**Exercise instructions**
Please retype every record below exactly, leaving the pictures out.

**Source data**

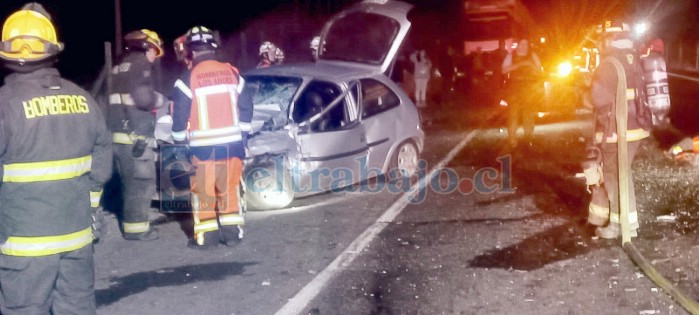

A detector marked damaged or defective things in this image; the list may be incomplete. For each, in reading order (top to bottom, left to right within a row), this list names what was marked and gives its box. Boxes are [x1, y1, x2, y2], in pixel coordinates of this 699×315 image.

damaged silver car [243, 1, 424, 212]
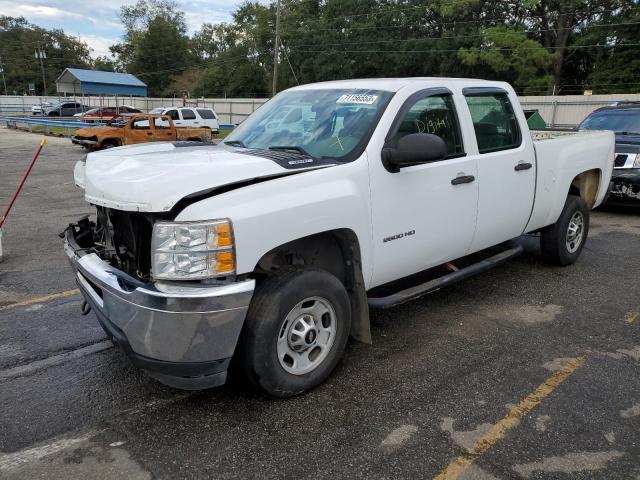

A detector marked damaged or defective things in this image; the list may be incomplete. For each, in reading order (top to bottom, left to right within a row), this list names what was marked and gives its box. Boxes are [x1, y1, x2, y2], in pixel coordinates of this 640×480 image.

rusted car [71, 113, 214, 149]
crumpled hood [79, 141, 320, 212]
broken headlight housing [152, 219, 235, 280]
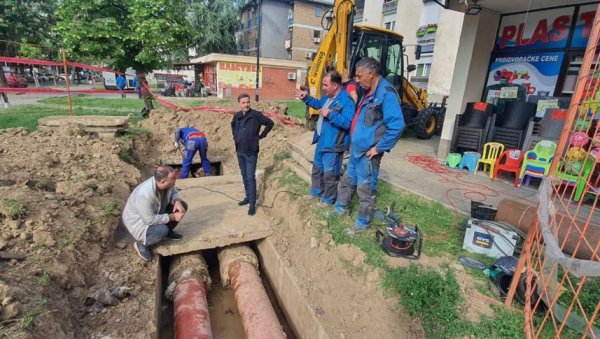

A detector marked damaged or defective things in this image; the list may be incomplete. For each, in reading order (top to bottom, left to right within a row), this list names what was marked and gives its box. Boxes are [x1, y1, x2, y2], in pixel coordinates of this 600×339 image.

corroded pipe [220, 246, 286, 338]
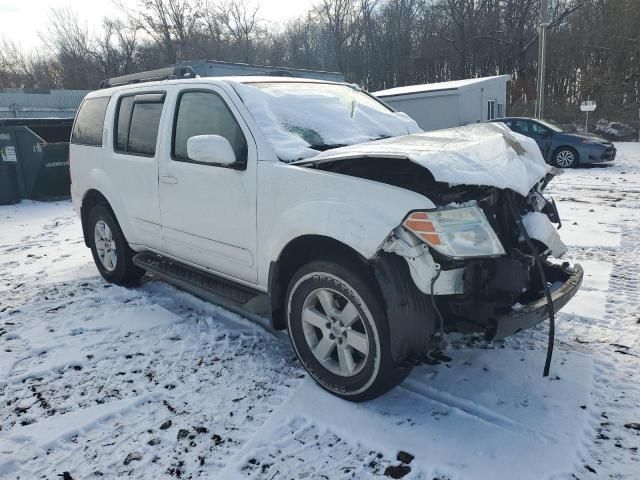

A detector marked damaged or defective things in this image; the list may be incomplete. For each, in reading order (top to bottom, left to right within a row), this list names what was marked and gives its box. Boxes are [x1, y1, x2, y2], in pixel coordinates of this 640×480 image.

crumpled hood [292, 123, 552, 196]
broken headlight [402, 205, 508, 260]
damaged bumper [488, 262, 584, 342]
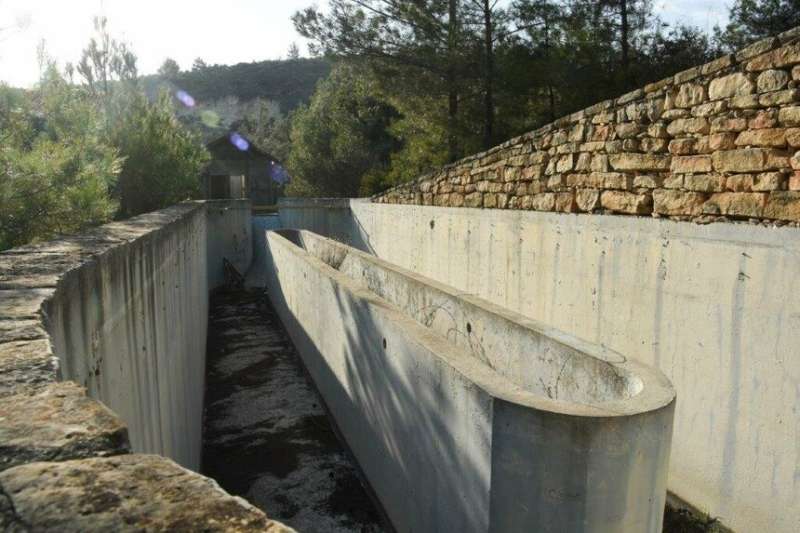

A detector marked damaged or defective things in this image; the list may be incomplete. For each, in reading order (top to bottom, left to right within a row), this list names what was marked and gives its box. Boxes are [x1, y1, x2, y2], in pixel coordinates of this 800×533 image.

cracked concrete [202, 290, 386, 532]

**Solution for this task**
A detector marked damaged or defective things in this image; the list may be incomplete. For each, in reading order (top to bottom, left to right within a row), this list names what was marked and gives its box. Boxes are [x1, y1, x2, y2], in pixel coordinates of this 699×315 image.

damaged silver car [243, 1, 424, 212]

A detector marked damaged or defective things in this image; the list may be incomplete. For each, in reading order (top to bottom, left to right within a row), this list names what was marked and gives its box. Boxes are [x1, y1, x2, y2], in pixel coordinates of this 640×480 image.

rusted car [71, 113, 214, 149]
crumpled hood [79, 141, 320, 212]
broken headlight housing [152, 219, 235, 280]

A detector marked damaged or defective things in this image; the list may be incomplete. For each, in reading order (top to bottom, left to right within a row), this list names what was marked and gives its box. Boxes are [x1, y1, x2, y2], in pixel coordinates of this 600×339 image.

corroded pipe [220, 246, 286, 338]

A detector marked damaged or defective things in this image; the list may be incomplete. For each, in reading order (top to bottom, left to right within a row), this list names what was marked and gives its box. Boxes are [x1, y1, x2, y2], in pixel coordinates of this 640×480 image.

crumpled hood [292, 123, 552, 196]
broken headlight [402, 205, 508, 260]
damaged bumper [488, 262, 584, 342]

A detector marked damaged or defective things in this image; the list may be incomplete. For each, in reading order (top to bottom, left to right within a row), this list names what was marked and gives its box. Boxes are [x1, y1, x2, y2], in pixel coordinates of this 800×533 image.

cracked concrete [202, 290, 386, 532]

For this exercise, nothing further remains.